What I’ve experienced is that the team can start to regress when faced with discussions around what kind of architecture to aim for. With a backlog chock full of customer pleasing functionality the architectural conversations might begin to take a bit of a back seat as the focus is on fleshing out the walking skeleton with features. Naturally the nervousness starts to set in as the engineers begin to wonder when the architecture is going to get the attention it rightly deserves. It’s all very well supporting a handful of “friendly” users but what about when you have real customers who’ve entrusted you with their data and they want to make use of it without a moments notice at any hour of the day?

The temptation, which should be resisted, can be to see architectural work as outside the scope of the core backlog – creating a separate backlog for stuff “the business does not understand”. This way can lead to a split in the backlog, and potentially even two separate backlogs – a functional and a non-functional one. This just makes prioritisation impossible. Also burying the work kills transparency, eventually erodes trust, and still doesn’t get you the answers you really need.

Instead, the urge should be to frame the architectural concerns in terms the stakeholder does understand, so that the business can be more informed about their actual benefits. In addition, when “The Architecture” is a journey and not a single destination there is no longer one set of benefits to aim for there are multiple trade-offs as the architecture evolves over time, changing at each step to satisfy the ongoing needs of the customer(s) along the way. There is in essence no “final solution” there is only “what we need for the foreseeable future”.

Tell Me a Story

So, what do I mean by “good stories”? Well, the traditional way this goes is for an analyst to solicit some non-functional requirements for some speculative eventual system behaviour. If we’re really lucky it might end up in the right ballpark at one particular point in the future. What’s missing from this scene is a proper conversation, a proper story – one with a beginning, a middle, and an end – where we are today, the short term and the longer term vision.

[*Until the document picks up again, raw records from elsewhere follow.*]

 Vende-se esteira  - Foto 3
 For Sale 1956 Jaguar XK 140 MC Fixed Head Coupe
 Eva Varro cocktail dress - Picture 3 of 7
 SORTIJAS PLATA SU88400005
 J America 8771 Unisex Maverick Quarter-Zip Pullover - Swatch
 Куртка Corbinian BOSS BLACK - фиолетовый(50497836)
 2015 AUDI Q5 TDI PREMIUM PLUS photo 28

But not only do we need to get a feel for their aspirations we also need quantifiable metrics about how the system needs to perform. Vague statements like “fast enough” are just not helpful. A globally accessible system with an anticipated latency in the tens of milliseconds will need to break the law of physics unless we trade-off something else. We also need to know how those exceptional events like Cyber Monday are to be factored into the operation side.

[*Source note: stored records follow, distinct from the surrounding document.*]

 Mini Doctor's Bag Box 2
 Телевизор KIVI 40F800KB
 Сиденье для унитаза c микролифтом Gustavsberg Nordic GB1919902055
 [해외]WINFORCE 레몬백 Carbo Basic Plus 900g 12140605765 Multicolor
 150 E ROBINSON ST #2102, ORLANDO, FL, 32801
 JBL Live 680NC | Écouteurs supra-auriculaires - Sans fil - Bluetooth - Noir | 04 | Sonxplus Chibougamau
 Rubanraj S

It’s not just about performance either. In many cases end users care that their data is secure, both in-flight (over the network) and at rest, although they likely have no idea what this actually means in practice. Patching servers is a technical task, but the bigger story is about how the team responds to a vulnerability which may make patching irrelevant. Similarly database backups are not the issue it’s about service availability – you cannot be highly available if the loss of an entire data centre potentially means waiting for a database to be restored from scratch elsewhere.

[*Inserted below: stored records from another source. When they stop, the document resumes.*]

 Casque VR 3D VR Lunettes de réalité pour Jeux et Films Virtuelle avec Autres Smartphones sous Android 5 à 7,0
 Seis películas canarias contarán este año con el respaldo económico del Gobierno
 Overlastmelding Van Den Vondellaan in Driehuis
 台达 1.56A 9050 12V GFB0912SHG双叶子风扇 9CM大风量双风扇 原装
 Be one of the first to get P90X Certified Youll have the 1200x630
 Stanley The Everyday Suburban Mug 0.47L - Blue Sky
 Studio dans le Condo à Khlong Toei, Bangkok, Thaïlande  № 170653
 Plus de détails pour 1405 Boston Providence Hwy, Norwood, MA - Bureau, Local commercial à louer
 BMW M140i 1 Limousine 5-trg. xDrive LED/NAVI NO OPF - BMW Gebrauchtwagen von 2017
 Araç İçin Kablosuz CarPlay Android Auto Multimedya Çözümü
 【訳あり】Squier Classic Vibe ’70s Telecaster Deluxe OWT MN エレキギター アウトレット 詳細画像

Most of the traditional conversations around non-functional requirements focus entirely on the happy path, for me the conversation doesn’t really get going until you start talking about what needs to happen when the system is down. It’s never a case of “if”, but “when” it fails and therefore mitigating these problems features heavily in our architectural choices. It’s an uncomfortable conversation as we never like discussing failure but that’s what having “grown up” conversations mean.

Incremental Architecture

Although I’ve used the term “story” in this post’s title, many of the issues that need discussing are really in the realm of “epics”. However we shouldn’t get bogged down in the terminology, instead the essence is to remember to focus on the outcome from the user’s perspective. Ask yourselves how fast, how secure, how available, etc. it needs to be now, and how those needs might change in response to the system’s, and the business’s growth.

With a clearer picture of the potential risks and opportunities we are better placed to design and build in small increments such that the architecture can be allowed to emerge at a sustainable rate.